There are probably half a billion dogs on the planet. So it may seem impossible that no one has ever documented a case of canine twins, until now. A new paper published in the journal Reproduction in Domestic Animals documents the first genetically confirmed identical puppy twins ever delivered.
Melissa Hogenboom at the BBC reports that in 2014, South African veterinarian Kurt de Cramer was performing a Caesarean section on an Irish wolfhound at the Rant en Dal Animal Hospital in Mogale City, west of Johannesburg. At first, he thought one of the fetuses had excess fluid build up around it in its amniotic sac. But when he looked inside, he found two puppies with their umbilical cords connected to the same placenta, an indication that they might be twins.
After the procedure, de Cramer called in canine reproductive specialists to confirm his hunch. “The twins looked very similar,” Carolynne Joone of James Cook University in Australia tells Hogenboom. “But pups from the same litter often do, [and] there were small differences in the white markings on their paws, chests and the tips of their tails. I wasn’t sure they were monozygotic [identical] at all initially.”
The researchers took blood samples when the twins were two weeks old and tissue samples from the brothers and their five litter mates when they were six weeks old. The results showed that the pups, named Cullen and Romulus, were genetically identical.

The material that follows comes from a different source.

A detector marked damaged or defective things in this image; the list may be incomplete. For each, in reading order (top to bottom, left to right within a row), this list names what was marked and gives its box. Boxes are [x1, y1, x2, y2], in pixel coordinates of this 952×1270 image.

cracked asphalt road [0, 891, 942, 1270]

Identical twins are rare in the animal kingdom. Hogenboom reports that when two fetuses attach to one placenta, one or both of them often do not receive enough oxygen, causing the animals to die. Humans are an exception, however, with a two percent twinning rate. Another exception: the nine-banded armadillo. For unknown reasons, armadillos only give birth to monozygotic quadruplets.
The human reproductive cycle may also lead to more twinning, reports David Cyranoski at Nature. In most animals, it’s obvious when they come into estrus. They mate quickly after ovulation, so fertilization takes place with a fresh egg. With humans, mating can occur throughout the ovulation cycle, meaning an older egg can be fertilized. One theory is that as an egg ages, its outer shell hardens. As the blastocyst develops, researchers think, it can fracture the outer shell and split the egg in two, causing twinning.

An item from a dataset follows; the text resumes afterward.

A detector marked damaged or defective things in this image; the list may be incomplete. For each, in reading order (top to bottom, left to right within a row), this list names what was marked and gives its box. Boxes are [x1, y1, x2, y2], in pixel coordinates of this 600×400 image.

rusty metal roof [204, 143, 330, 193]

It’s likely that twinning in dogs is more common than previously thought. But most people don't look for the signs, like the presence of one less placenta than the number of puppies (the fact that the mother dogs often gobble up the placentas makes this even more difficult). De Cramer did once encounter twin pups one other time during his 26-year-career, but they were deceased within the womb.
Still, it’s likely they are out there. “It has taken so long for us to find a monozygotic pair, so they are probably rare,” Joone tells Hogenboom. “But so many of them will have been born naturally and blissfully unaware.”